Le sentier part ensuite vers le Sud-Est, rencontrant d’abord à nouveau des bancs de Grès armoricain et continuant en bord de crête, progresse, avec à droite la fameuse et profonde vallée de Misère, et, à gauche, les enclos du parc animalier de la Butte de Narbonne (nom d’origine gauloise) qui n’est pas loin d’atteindre les 200 mètres d’altitude.
Arrêt n°5 : Vallée de Misère
Belvédère d’observation
Pupitres explicatifs
Grès armoricain à skolithes . Vallée de Misère Saint-Léonard-des-Bois
Empreintes fossiles dans une roche sédimentaire - 490 Ma
Des « vers arénicoles » qui vivaient dans le sable des mers peu profondes où s’est formé le grès ont laissé des traces sous forme de terriers appelés skolithos : sur certains blocs du pierrier, ces empreintes fossiles forment des bourrelets verticaux qui strient la surface de la roche.

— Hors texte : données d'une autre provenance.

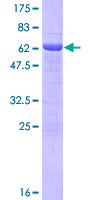 ab165438 on a 12.5% SDS-PAGE stained with Coomassie Blue.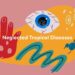 Nigeria’s Hidden Burden Of Neglected Tropical Diseases 5 Nigeria’s Hidden Burden Of Neglected Tropical Diseases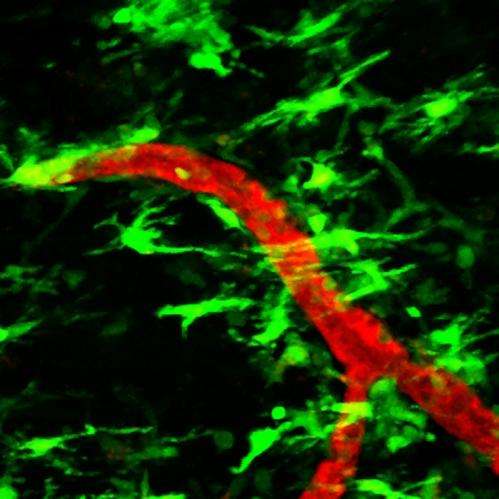 NIH-funded researchers show possible trigger for MS nerve damage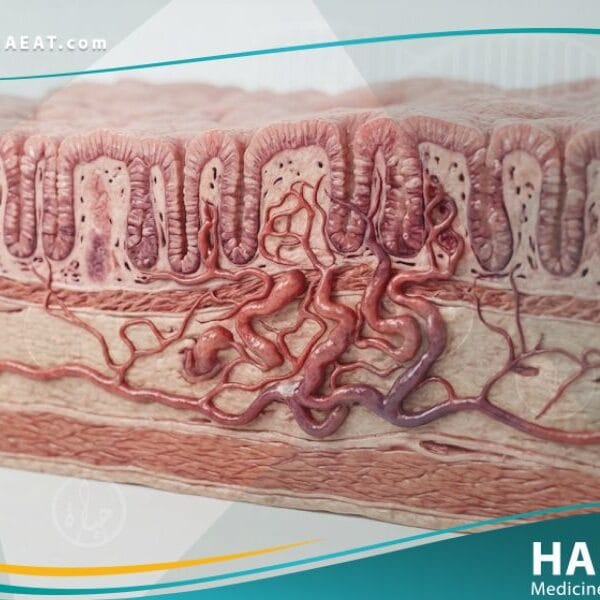 خلل التنسج الوعائي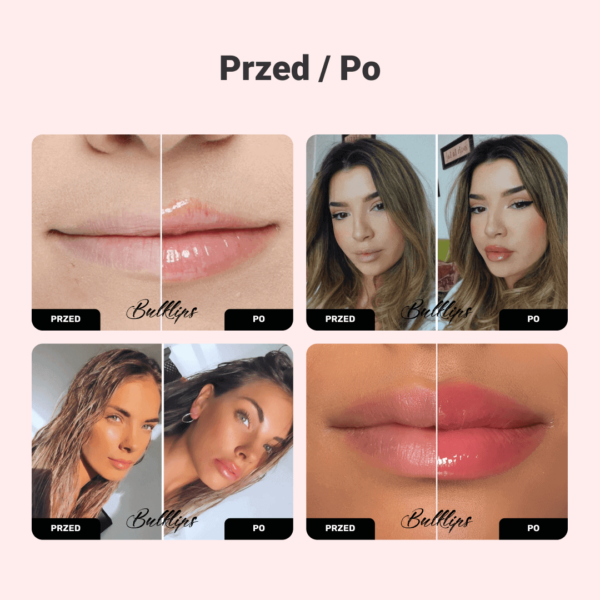 Alternative view of BULKLIPS Zestaw pomadek do ust imbir i mięta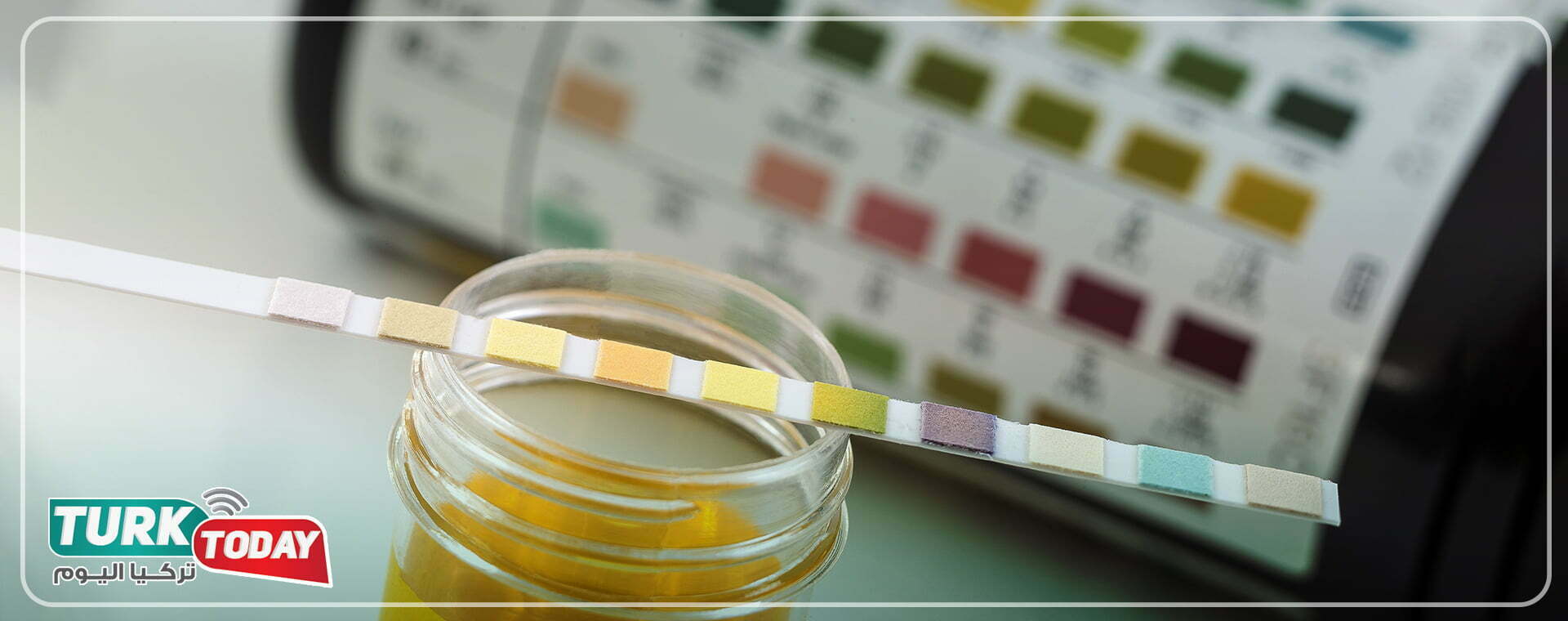 ما هي شرائط اختبار البول؟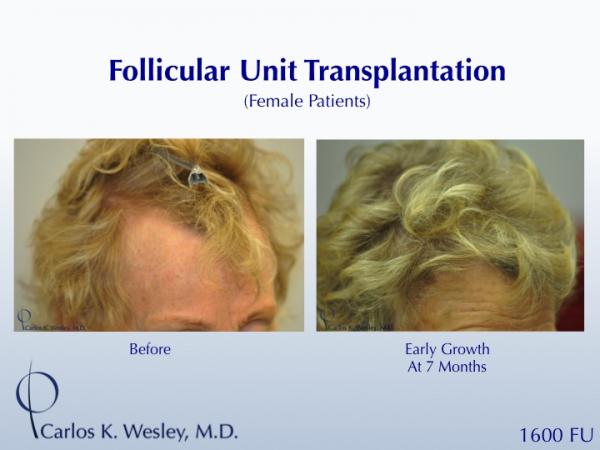 A female patient showing early growth after a 1600FU session with Dr. Wesley.  Her grafts were incubated in chilled PRP during her FUT procedure,...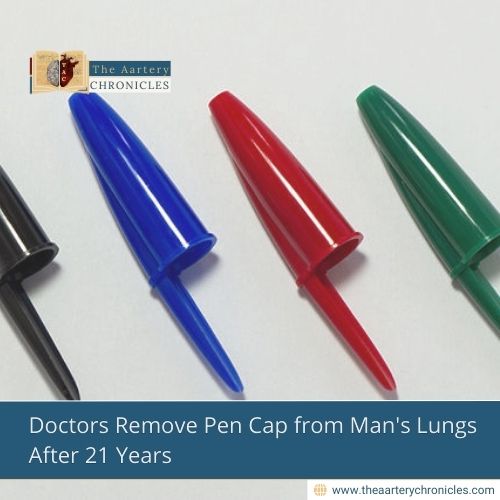 Doctors Remove Pen Cap from Man's Lungs After 21 Years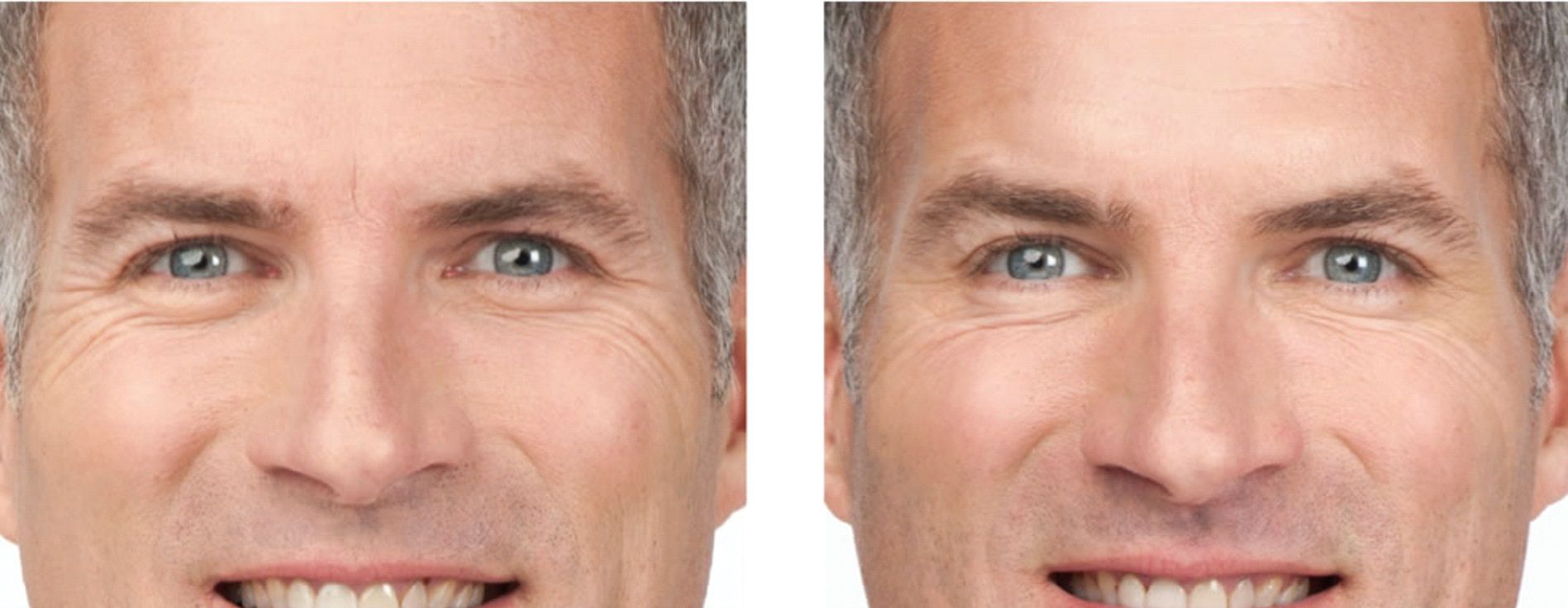 Crows Feet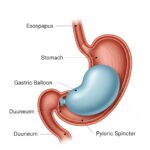 Medical diagram illustrating how an inflated gastric balloon works inside the stomach to promote satiety and aid in non-surgical weight loss.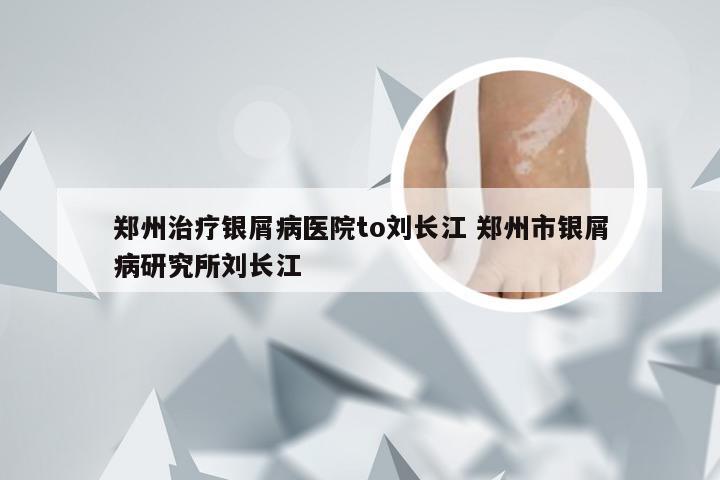 郑州治疗银屑病医院to刘长江 郑州市银屑病研究所刘长江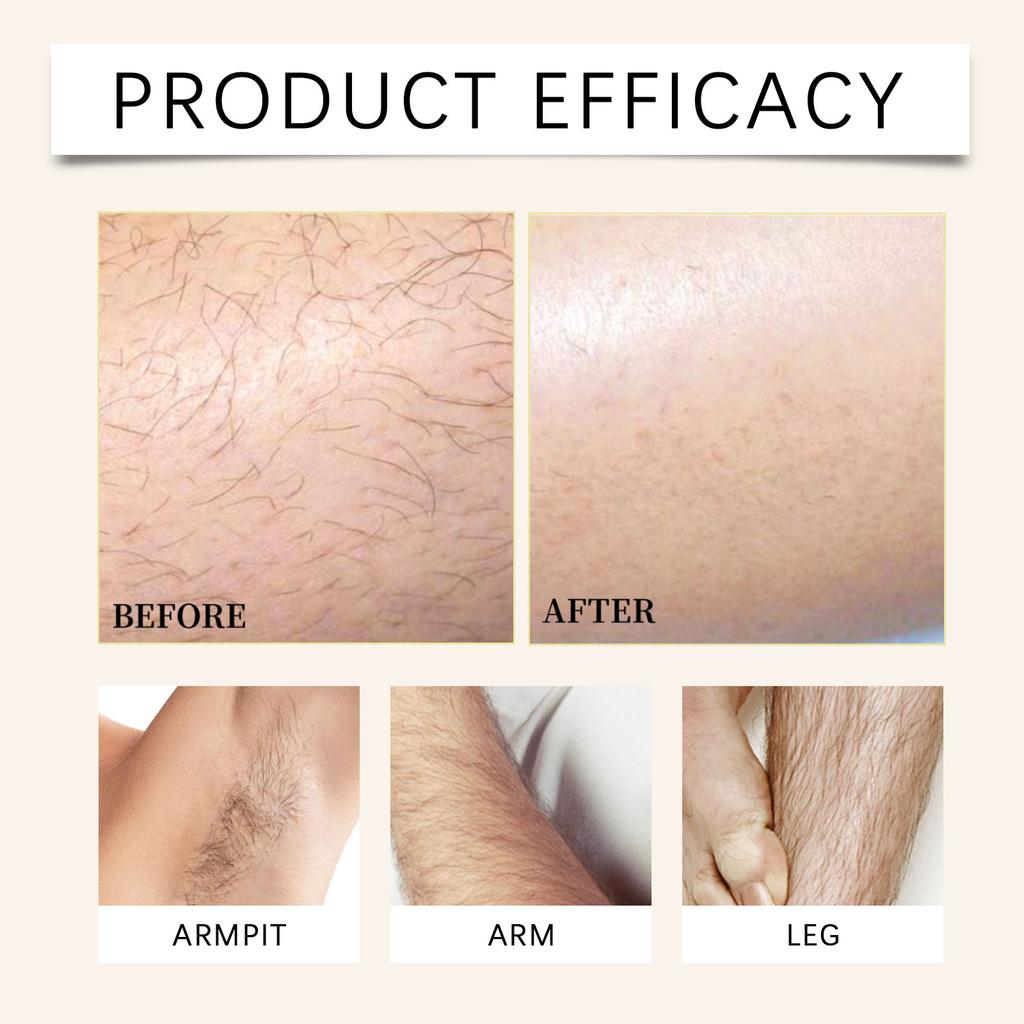 Набор для удаления волос, удаление волос на лице для женщин, удаление волос на теле, депиляция для лица, рук, ног и бикини, бальзам для удаления волос, скребок для волос 100 г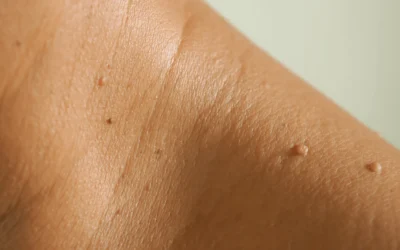 Skin Tag Removal: A Comprehensive Guide
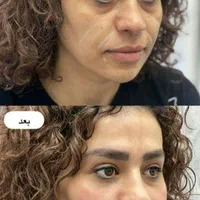 خدمات ژل وبوتاکس /کاشت مووابرو/باکمترین قیمت|خدمات آرایشگری و زیبایی|خرم‌آباد, |دیوار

La vallée de Misère. Le sol ingrat de la vallée de Misère
La Vallée de Misère
Dans les Alpes mancelles alternent grès et schistes. Longtemps, sur le sol à nu des pentes recouvertes de grandes coulées de pierraille, la végétation peine à s’accrocher.
Les pierriers de la vallée de Misère
En se décomposant, les grès donnent des sols très acides, les schistes des sols acides plus profonds et caillouteux. Sous l’Ancien Régime, les crêtes gréseuses, sous vouées au bois. Progressivement dégradés par la surexploitation, les bois sont peu à peu remplacés par des landes à bruyère. Les paysans les plus modestes y élèvent des moutons seuls capables de se contenter de cette maigre végétation. Le milieu s’améliore vers le bas sur les pentes adoucies ; quand elles ne sont pas trop pierreuses et trop maigres pour être mises en valeur, elles donnent du seigle ou du sarrasin. Mais les fonds de vallée, gorgés d’eau, restent impropres à la culture : la vallée de Misère porte bien son nom.
Aujourd’hui cette « Misère » est devenue source de richesse.
Intégrées depuis les années 2000 au réseau des sites remarquables européens appelé Natura 2000, les Alpes mancelles, en raison de leur diversité géologique et topographique, présentent une gamme exceptionnelle de milieux : pierriers, forêts de ravin, prairies humides, landes sèches, cours d’eau, surplombs rocheux…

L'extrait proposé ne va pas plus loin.